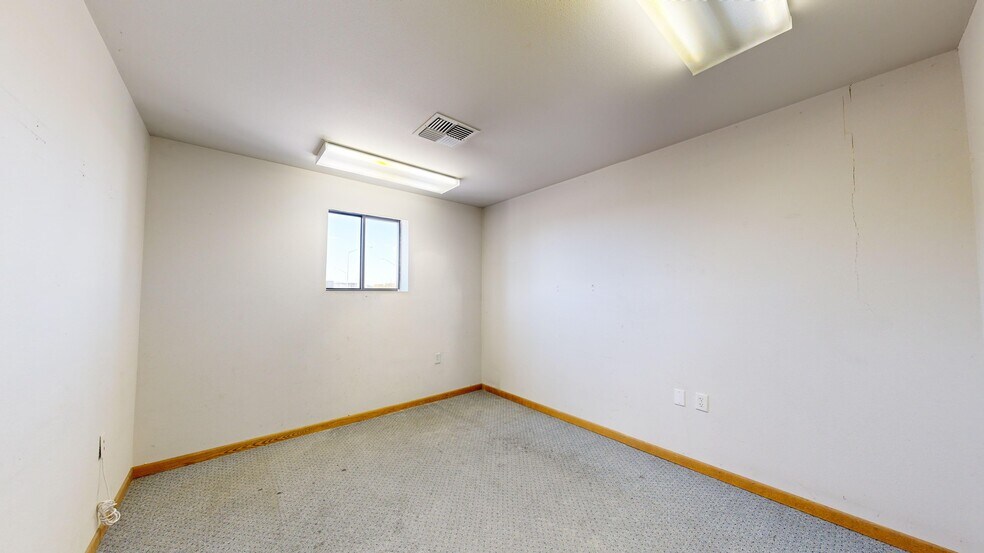 More Photos Of 3088 Gabel Rd, Billings Flex For Sale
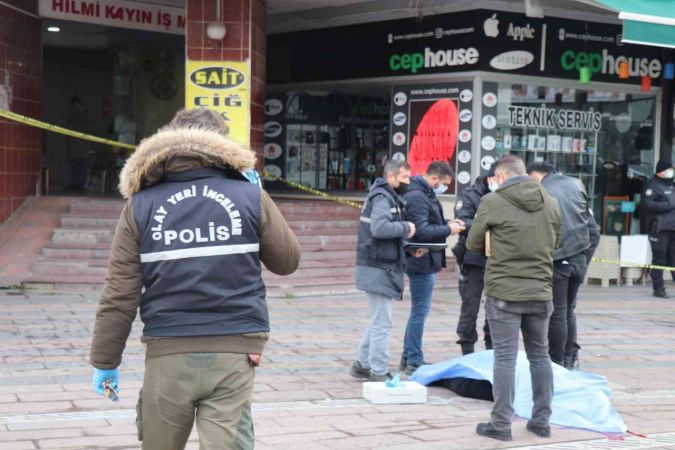 Stajyer avukatın iş merkezinden düşme anı kamerada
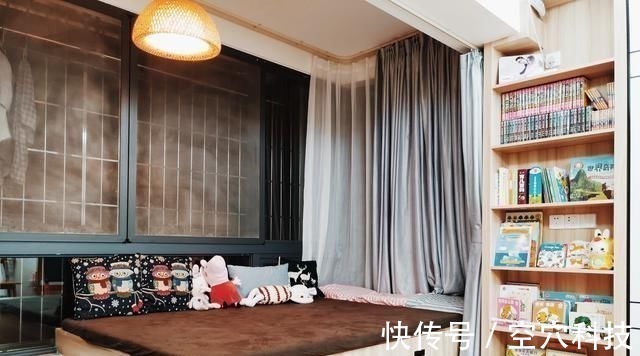 玄关|她买下42㎡单身公寓,一家三口住,客厅不放沙发,阳台当榻榻米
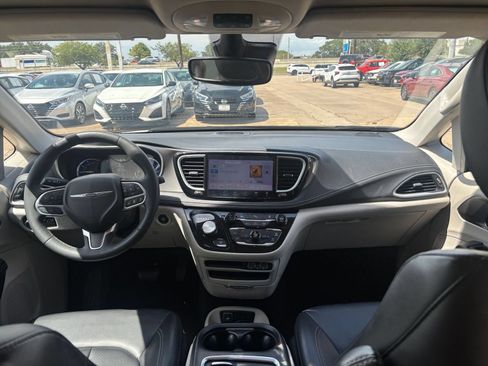 Used 2023 Chrysler Pacifica Touring-L FWD image 36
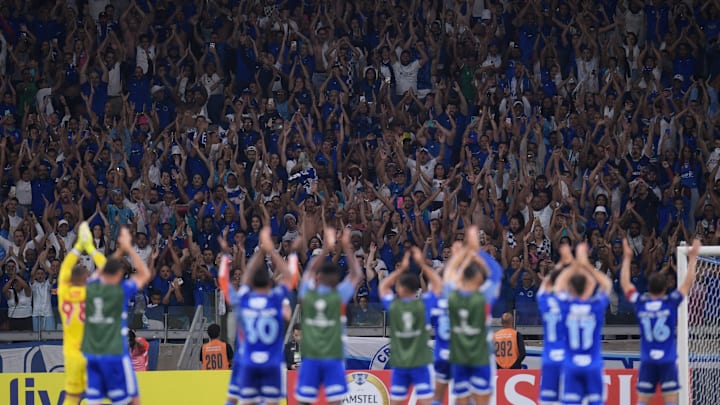 Torcida do Cruzeiro promete "invadir" o Paraguai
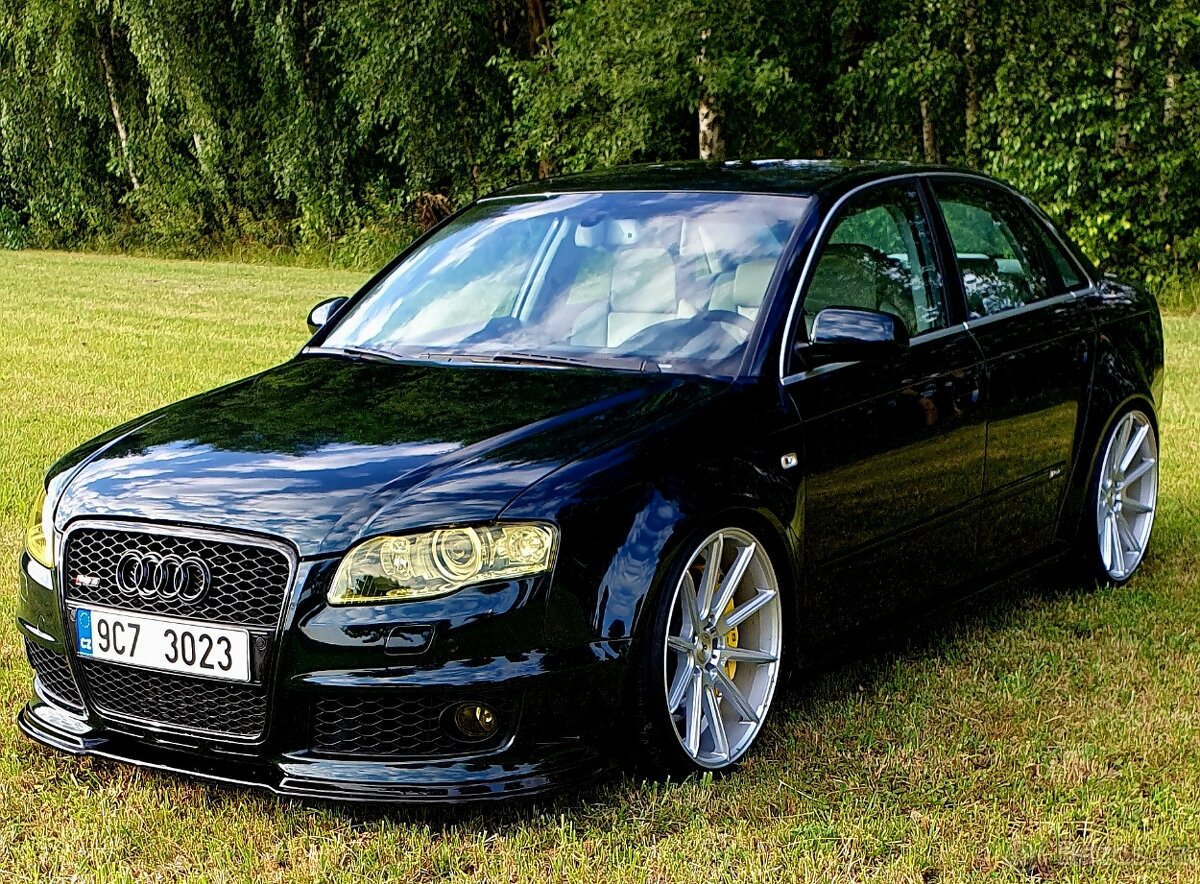 Audi Rs4 - 2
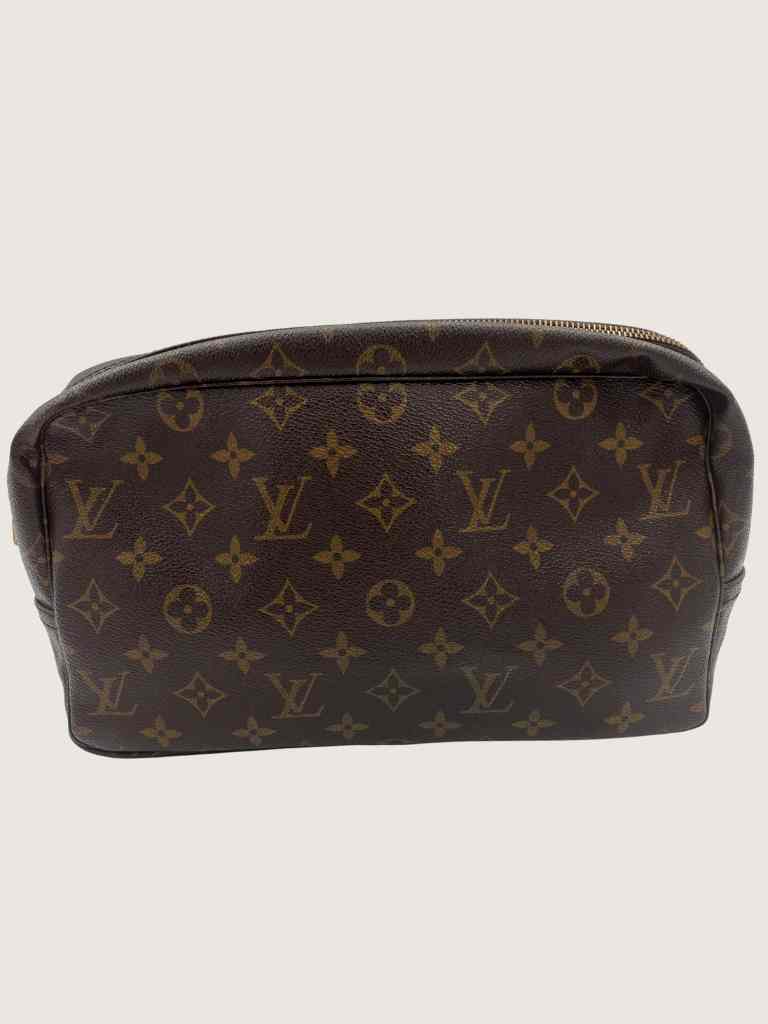 LOUIS VUITTON Pouch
-------------------------
Transcribe only the lines from the line holding "Used 2023 Chrysler" to the final line of the listing above. Keep them exact, include both ends, and skip the pictures.

Task solution:
 Used 2023 Chrysler Pacifica Touring-L FWD image 36
 Torcida do Cruzeiro promete "invadir" o Paraguai
 Audi Rs4 - 2
 LOUIS VUITTON Pouch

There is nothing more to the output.